The tribe or band of Shawnee Indians residing at Wapaghkonnetta and on Hog Creek in the State of Ohio, in consideration of the stipulations herein made, on the part of the United States, do for ever cede, release and quit claim to the United States the lands granted to them by patent in fee simple by the sixth section of the treaty made at the foot of the Rapids of the Miami river of Lake Erie on the 29th day of September in the year of our Lord 1817, containing one hundred and twenty-five sections or square miles, and granted in two reservations and described in the said sixth section of the aforesaid treaty as follows:—“A tract of land ten miles square, the centre of which shall be the council house at Wahpaghkonnetta;” and “a tract of land containing twenty-five square miles, which is to join the tract granted at Wapaghkonnetta, and to include the Shawnee settlement on Hog creek, and to be laid off as nearly as possible in a square form,” which said two tracts or reservations of land were granted as aforesaid to the said Shawnee Indians by the patents signed by the Commissioner of the General Land Office and certified by the Secretary of War dated the 20th day of April 1821. Also, one other tract of land, granted to the said Shawnees by the second article of the treaty made at St. Mary’s in the state of Ohio, on the 17th day of September in the year 1818, and described therein as follows: “Twelve thousand eight hundred acres of land to be laid off adjoining the east line of their reserve of ten miles square at Wapaghkonnetta,” making in the whole of the aforesaid cessions to the United States by the aforesaid Shawnees, one hundred and forty-five sections or square miles, which includes all the land now owned or claimed by the said band or tribe of Shawnees in the State of Ohio.
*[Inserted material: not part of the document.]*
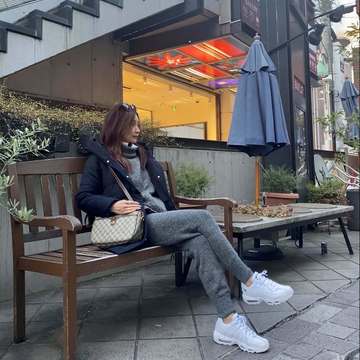 白スニーカーで今年初カフェへ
Now I am not a lawyer, but that sounds to me like a special definition of “fee simple.” Land patents certified by the Secretary of War? I haven’t seen any other land patents at the GLO database like that. The one that includes the small acreage we own in Michigan is not like that. I just now did a search in the database for all the land patents in Township 5S, Range 6E, in Auglaize County, to see if there were any for Black Hoof or any Algonquian-sounding names. I didn’t see any.
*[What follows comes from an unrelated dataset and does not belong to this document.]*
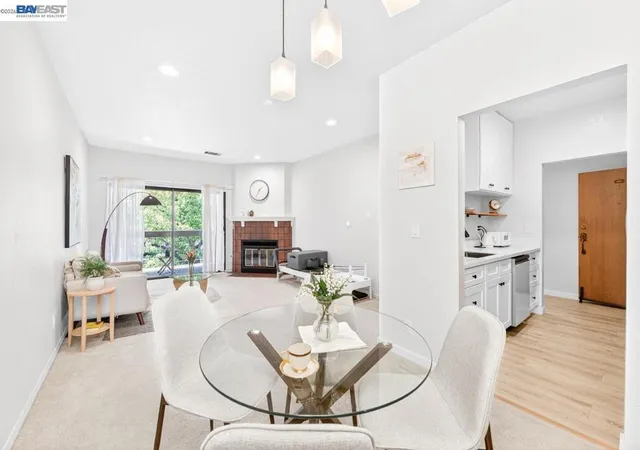 2nd image of 39931 Cedar Blvd #309, Newark, CA 94560 | MLS# 41140081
If the chiefs owned the land in fee simple, they should have been allowed to sell or not sell, as they saw fit, using the ordinary legal system for land transactions. That would have had its own dangers for the Shawnee people, but the process by which they ceded the land was not anything like it is when most of us sell property.
It must have been a very special definition of “fee simple” by which Black Hoof and the other chiefs owned this land — and not at all what he had in mind. I wonder if he brought up that point when he refused to sign. Maybe it was considered an eminent domain proceeding — a very eminent domain.